■ TASK REQUIREMENTS: Retype all of the listing exactly, with no pictures.

Top of DATA TO PROCESS

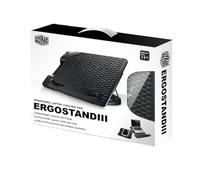 Cooler Master ErgoStand III - Ergonomic Laptop Cooling Stand, 6 Adjustable Height Settings, 230mm Ultra Silent Fan with Speed Control, Metallic Mesh Plate - Supports Laptops & Tablets Up to 17"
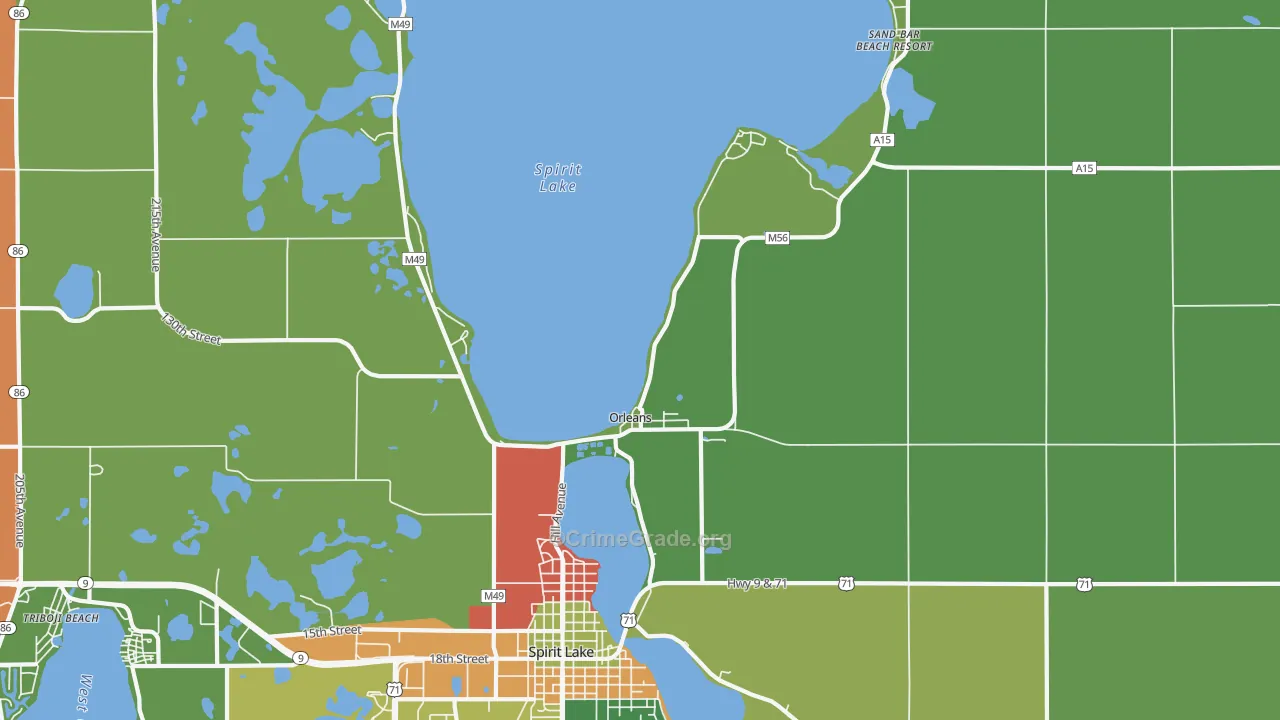 Orleans, IA Map of Theft Rates
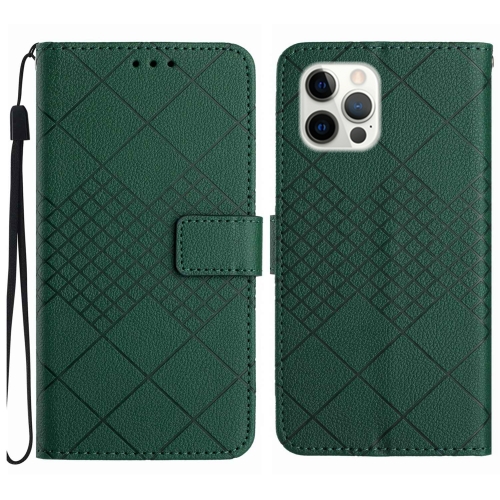 

For iPhone 15 Pro Max Rhombic Grid Texture Leather Phone Case(Green)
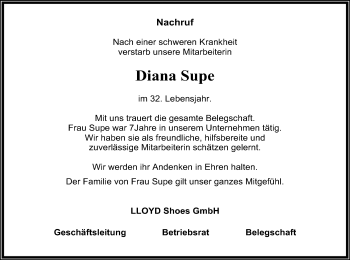 Traueranzeige von Diana Supe von SYK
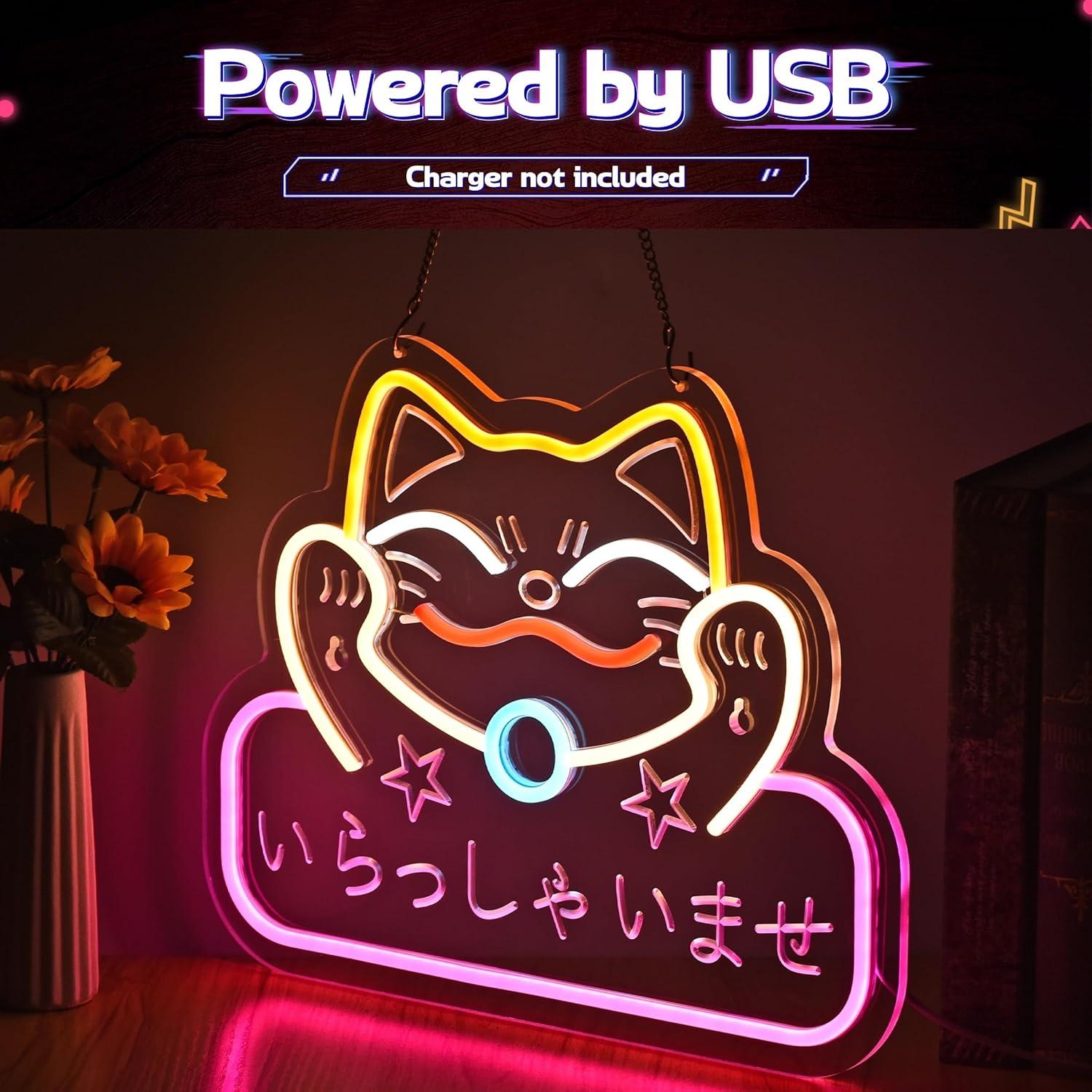 Cartel de Neón Japonés Bienvenido CNBEYOUNG 40.9x32 cm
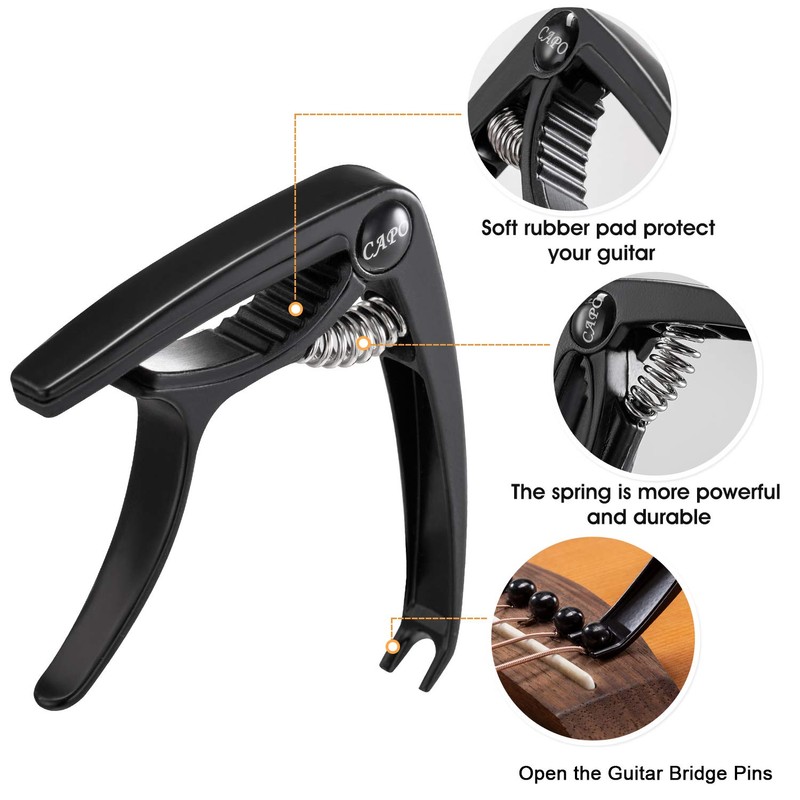 Guitar Accessories Set: 9-Piece Tool Kit with Capo, Tuner, String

Bottom of DATA TO PROCESS

■ RESULT OF THIS TASK:
 Cooler Master ErgoStand III - Ergonomic Laptop Cooling Stand, 6 Adjustable Height Settings, 230mm Ultra Silent Fan with Speed Control, Metallic Mesh Plate - Supports Laptops & Tablets Up to 17"
 Orleans, IA Map of Theft Rates

For iPhone 15 Pro Max Rhombic Grid Texture Leather Phone Case(Green)
 Traueranzeige von Diana Supe von SYK
 Cartel de Neón Japonés Bienvenido CNBEYOUNG 40.9x32 cm
 Guitar Accessories Set: 9-Piece Tool Kit with Capo, Tuner, String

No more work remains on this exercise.